- REQUIREMENT -
From the entries below, return exactly the lines beginning at the one that contains "is protocol 51." and ending at the one that contains "Replacement supplies, Where", both of them included, and only those lines.

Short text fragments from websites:
[Start of section]

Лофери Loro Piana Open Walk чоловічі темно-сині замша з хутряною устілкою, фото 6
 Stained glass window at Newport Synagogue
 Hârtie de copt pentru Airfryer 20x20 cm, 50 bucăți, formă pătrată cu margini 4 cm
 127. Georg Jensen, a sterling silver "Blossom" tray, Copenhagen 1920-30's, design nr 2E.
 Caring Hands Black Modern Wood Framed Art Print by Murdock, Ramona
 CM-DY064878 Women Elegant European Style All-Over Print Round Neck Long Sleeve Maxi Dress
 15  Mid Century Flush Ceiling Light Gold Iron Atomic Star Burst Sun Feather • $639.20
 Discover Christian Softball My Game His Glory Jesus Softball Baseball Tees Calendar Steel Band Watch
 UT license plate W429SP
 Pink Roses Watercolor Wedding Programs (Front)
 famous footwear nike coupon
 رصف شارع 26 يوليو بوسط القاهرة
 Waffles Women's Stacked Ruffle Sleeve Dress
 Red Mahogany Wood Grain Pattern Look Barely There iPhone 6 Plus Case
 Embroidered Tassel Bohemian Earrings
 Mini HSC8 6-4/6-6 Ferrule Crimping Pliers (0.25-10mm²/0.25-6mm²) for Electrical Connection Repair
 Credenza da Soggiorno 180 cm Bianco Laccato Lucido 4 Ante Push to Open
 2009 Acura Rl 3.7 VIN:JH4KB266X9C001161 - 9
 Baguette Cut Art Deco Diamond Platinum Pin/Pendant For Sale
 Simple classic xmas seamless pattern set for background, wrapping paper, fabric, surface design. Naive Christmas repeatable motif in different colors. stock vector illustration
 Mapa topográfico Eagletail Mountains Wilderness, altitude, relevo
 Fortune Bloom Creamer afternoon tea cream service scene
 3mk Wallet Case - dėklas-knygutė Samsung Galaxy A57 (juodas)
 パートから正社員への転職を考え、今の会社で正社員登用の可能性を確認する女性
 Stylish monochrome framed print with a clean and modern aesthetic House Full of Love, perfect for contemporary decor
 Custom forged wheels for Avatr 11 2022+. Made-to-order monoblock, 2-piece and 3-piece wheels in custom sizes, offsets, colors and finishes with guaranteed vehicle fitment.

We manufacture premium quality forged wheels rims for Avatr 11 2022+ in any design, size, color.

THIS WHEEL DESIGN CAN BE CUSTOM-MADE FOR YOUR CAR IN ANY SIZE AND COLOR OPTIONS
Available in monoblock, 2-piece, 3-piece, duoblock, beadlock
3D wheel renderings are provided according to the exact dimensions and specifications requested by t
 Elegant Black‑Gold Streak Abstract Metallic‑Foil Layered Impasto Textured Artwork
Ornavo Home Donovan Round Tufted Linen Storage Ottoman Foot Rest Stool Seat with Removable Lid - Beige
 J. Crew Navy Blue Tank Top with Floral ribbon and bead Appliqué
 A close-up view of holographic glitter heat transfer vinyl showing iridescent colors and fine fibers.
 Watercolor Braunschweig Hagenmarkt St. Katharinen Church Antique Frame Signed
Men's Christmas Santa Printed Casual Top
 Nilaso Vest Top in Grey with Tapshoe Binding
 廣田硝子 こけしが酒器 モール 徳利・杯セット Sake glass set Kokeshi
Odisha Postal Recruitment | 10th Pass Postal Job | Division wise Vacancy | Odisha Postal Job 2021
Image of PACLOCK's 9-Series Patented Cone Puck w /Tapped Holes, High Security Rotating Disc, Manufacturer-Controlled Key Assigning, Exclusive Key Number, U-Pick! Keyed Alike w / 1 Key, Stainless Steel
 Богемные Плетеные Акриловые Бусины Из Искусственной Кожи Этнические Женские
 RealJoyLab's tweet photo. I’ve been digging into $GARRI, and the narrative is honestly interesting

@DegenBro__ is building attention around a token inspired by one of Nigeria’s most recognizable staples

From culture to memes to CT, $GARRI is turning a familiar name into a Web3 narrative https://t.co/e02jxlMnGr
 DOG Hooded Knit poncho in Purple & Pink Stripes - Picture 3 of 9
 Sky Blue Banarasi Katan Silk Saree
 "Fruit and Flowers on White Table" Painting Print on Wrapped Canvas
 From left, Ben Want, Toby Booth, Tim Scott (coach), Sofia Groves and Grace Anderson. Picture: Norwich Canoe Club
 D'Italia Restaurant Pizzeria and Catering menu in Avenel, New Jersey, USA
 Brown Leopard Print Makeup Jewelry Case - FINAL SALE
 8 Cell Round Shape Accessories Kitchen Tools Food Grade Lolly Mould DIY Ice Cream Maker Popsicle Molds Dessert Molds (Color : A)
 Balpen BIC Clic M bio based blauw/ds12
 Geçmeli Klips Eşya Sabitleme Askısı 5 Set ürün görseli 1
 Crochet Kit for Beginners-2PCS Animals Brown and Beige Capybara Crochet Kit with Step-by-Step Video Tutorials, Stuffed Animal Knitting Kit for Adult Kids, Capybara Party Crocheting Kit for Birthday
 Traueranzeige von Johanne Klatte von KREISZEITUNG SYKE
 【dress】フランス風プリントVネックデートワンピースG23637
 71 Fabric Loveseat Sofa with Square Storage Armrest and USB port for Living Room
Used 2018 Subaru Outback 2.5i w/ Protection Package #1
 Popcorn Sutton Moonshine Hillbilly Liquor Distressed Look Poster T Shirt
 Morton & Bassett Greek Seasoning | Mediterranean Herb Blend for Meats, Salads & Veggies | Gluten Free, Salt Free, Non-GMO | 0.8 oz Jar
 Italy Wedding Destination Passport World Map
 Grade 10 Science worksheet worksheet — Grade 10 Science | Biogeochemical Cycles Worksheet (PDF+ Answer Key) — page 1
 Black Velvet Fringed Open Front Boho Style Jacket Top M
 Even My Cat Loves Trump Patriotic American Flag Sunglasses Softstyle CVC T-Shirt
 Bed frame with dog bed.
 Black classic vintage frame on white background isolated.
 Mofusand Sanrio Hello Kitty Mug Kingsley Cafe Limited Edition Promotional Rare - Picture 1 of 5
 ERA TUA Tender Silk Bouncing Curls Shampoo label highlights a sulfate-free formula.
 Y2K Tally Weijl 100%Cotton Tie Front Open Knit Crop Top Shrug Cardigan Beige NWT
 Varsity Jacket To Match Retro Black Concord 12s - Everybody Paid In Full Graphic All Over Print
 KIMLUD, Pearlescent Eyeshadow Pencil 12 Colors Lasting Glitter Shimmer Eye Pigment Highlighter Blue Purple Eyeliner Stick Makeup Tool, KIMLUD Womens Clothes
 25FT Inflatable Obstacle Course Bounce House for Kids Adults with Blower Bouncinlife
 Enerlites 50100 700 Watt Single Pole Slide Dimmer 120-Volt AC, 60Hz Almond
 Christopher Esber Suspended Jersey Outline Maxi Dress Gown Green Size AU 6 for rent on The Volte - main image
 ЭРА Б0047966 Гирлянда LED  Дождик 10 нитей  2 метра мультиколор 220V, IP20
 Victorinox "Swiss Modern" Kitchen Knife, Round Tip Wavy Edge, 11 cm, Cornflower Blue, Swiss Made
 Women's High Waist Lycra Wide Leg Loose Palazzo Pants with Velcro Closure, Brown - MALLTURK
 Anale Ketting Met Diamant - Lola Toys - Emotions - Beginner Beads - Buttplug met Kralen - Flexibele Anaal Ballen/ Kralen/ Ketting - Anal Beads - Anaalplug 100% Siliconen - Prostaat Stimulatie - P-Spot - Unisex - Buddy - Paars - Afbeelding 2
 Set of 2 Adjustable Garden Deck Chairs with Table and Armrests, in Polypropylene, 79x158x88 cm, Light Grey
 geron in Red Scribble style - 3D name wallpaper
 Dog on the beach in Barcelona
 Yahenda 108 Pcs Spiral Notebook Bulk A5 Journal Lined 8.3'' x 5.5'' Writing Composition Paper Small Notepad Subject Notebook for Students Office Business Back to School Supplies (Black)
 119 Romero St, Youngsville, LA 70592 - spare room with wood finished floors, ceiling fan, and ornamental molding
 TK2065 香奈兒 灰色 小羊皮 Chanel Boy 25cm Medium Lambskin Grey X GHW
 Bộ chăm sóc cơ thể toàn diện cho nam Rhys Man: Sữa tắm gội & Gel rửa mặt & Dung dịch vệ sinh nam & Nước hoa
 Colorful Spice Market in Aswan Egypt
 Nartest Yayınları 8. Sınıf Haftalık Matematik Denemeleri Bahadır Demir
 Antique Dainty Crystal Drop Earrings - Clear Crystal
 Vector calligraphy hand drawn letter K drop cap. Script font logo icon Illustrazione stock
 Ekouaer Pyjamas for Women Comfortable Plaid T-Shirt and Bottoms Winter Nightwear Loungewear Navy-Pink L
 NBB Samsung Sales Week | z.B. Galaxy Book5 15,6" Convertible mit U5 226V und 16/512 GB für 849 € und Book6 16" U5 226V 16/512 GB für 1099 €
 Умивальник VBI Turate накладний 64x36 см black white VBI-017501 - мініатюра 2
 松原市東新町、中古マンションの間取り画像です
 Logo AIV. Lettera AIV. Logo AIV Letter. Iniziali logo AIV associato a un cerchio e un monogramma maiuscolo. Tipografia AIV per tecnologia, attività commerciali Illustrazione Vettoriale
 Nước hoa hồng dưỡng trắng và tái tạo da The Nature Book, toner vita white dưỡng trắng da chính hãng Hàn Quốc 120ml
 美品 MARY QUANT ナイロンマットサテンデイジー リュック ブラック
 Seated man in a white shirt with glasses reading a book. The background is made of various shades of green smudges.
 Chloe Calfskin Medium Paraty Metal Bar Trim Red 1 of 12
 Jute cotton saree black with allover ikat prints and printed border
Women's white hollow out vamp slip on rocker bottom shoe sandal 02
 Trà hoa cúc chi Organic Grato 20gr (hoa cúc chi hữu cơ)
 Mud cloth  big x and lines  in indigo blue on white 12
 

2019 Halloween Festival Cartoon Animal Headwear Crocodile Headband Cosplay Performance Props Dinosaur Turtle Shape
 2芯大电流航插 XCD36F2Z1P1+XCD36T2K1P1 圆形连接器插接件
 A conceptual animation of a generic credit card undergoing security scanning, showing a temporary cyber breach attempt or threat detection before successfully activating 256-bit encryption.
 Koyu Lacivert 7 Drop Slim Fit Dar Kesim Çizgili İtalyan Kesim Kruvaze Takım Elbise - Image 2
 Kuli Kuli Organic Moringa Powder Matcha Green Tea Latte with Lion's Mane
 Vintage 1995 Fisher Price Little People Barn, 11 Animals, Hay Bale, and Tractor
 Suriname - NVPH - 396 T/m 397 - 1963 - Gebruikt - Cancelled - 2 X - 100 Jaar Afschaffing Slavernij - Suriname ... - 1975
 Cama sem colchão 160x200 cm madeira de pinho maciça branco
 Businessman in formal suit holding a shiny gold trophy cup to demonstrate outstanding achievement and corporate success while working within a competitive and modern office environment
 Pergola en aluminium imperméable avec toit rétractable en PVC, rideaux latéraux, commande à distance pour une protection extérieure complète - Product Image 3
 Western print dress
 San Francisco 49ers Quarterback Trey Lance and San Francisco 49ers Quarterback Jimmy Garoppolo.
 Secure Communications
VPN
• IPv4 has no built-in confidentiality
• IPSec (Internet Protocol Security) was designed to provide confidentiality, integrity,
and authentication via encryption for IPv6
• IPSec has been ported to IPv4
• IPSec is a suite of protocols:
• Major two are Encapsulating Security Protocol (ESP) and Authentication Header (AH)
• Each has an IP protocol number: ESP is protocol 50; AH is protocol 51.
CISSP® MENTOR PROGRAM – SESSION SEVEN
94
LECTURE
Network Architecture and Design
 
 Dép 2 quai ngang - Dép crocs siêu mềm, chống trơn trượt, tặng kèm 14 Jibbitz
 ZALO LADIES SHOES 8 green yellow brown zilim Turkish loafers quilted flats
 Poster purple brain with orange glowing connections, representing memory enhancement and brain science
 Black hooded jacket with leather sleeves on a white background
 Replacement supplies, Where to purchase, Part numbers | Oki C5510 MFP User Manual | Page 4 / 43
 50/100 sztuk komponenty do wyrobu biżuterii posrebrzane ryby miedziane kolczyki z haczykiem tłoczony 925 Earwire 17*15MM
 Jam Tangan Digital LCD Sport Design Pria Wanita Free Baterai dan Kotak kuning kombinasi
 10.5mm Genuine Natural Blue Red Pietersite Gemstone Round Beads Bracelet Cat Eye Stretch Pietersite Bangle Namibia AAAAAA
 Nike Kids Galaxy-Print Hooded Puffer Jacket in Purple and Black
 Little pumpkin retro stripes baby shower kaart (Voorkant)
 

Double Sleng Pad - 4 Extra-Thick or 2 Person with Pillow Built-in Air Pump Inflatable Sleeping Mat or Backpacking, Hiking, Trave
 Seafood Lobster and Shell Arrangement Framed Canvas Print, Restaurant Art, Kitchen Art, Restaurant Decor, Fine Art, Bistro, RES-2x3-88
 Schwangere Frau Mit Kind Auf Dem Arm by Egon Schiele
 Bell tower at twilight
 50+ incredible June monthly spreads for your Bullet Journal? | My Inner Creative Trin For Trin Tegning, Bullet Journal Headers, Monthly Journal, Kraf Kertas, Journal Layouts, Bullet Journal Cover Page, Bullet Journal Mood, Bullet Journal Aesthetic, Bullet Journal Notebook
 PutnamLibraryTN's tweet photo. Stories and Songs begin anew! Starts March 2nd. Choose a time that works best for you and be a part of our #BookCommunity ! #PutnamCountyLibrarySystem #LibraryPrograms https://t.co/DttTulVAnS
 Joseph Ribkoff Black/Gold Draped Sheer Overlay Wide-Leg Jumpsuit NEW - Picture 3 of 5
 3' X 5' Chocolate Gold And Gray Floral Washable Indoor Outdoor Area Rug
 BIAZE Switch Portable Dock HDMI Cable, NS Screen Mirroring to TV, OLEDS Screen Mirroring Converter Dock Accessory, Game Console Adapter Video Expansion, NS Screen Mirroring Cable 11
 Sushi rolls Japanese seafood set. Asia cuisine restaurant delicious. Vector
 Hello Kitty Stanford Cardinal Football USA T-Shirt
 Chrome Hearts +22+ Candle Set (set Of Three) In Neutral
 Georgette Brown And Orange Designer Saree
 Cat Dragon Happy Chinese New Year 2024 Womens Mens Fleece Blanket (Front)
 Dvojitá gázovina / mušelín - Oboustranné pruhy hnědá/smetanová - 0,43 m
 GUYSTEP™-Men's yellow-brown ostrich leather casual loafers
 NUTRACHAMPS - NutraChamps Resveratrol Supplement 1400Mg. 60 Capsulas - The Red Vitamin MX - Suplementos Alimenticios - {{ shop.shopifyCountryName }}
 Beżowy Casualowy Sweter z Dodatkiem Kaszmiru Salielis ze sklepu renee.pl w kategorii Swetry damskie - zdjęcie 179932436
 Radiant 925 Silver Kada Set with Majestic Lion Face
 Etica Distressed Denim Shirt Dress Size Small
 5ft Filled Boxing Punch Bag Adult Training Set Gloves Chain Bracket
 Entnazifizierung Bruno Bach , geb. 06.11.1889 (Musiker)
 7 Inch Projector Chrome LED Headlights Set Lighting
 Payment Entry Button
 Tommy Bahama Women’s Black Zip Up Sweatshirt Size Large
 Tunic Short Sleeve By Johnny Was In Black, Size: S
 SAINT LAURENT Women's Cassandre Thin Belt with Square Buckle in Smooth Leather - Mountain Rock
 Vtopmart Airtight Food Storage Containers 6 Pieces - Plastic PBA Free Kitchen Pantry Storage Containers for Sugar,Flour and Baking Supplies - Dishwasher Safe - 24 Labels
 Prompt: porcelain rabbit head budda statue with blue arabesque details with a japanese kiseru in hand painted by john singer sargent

[End of section]

- TASK SOLUTION -
• Each has an IP protocol number: ESP is protocol 50; AH is protocol 51.
CISSP® MENTOR PROGRAM – SESSION SEVEN
94
LECTURE
Network Architecture and Design
 
 Dép 2 quai ngang - Dép crocs siêu mềm, chống trơn trượt, tặng kèm 14 Jibbitz
 ZALO LADIES SHOES 8 green yellow brown zilim Turkish loafers quilted flats
 Poster purple brain with orange glowing connections, representing memory enhancement and brain science
 Black hooded jacket with leather sleeves on a white background
 Replacement supplies, Where to purchase, Part numbers | Oki C5510 MFP User Manual | Page 4 / 43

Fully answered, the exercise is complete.